親子、いや、もしかしたら祖父と孫ほど歳が違う観客を相手にしても、〈兄貴〉と呼びたくなる自然体のかっこよさが、存在から溢れていた。日本のポップスが〈J-Pop〉と呼ばれる前からこの道のトップランナーとして生きてきた大ヴェテラン〈鈴木雅之〉という大名題に甘えず、音楽好きのやんちゃな少年〈マーチン〉が、いまもこの人の中に活き活きとある。そこに感激させられてしまった。
「かぐや様は告らせたい~天才たちの恋愛頭脳戦」オープニングテーマとなった“ラブ・ドラマティック”(2019年)を皮切りにアニソンの世界に参入し、長年のファンもアニメ・ファンも両方仰天させたことも記憶に新しい。その後も〈かぐや様〉シリーズとの縁は続き、3月29日には高城れに(ももいろクローバーZ)をフィーチャーした最新シングル“Love is Show”を発表。還暦を過ぎてから〈アニソン界の大型新人〉としての新たなキャラクターを獲得したのは本当にすごい。単に仕事に恵まれた奇跡の展開というだけでない。彼自身の新しさへの貪欲さが、無理のない自然さで表現されているからこその大ブレイクだろう。2020年からの「紅白歌合戦」3年連続出場は、そうした人気っぷりの証左たる出来事でもあった。
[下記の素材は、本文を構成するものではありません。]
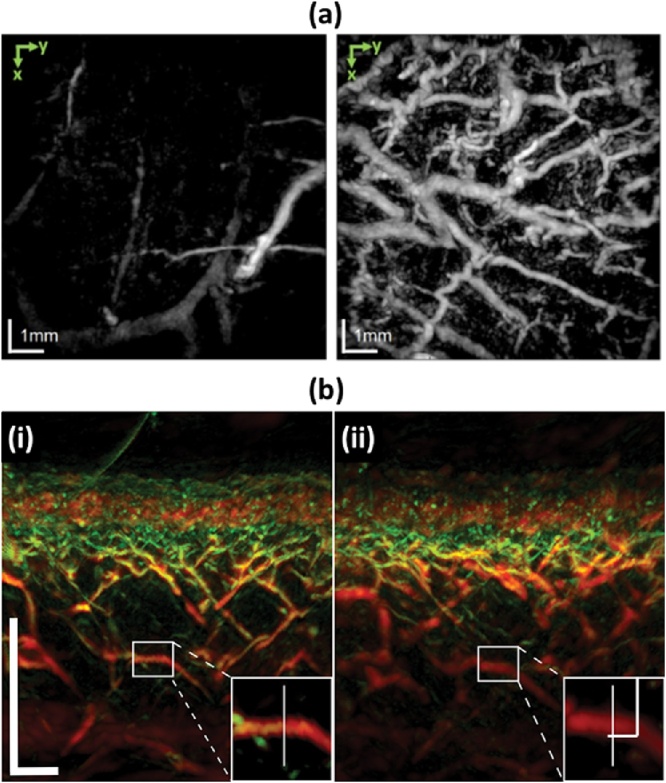 Fig. 15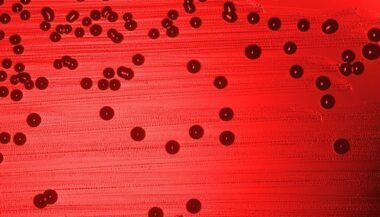 De la difficulté de la lutte contre l'hémophilie au Maroc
そのように何度目かの絶好調期にある鈴木雅之が、4年ぶりとなるニュー・アルバムを完成した。タイトルは『SOUL NAVIGATION』。前作にあたる『Funky Flag』(2019年)でも交友関係の広さをフル回転した作家陣によるカラフルな作風に驚かされたが、本作の中身はいかに。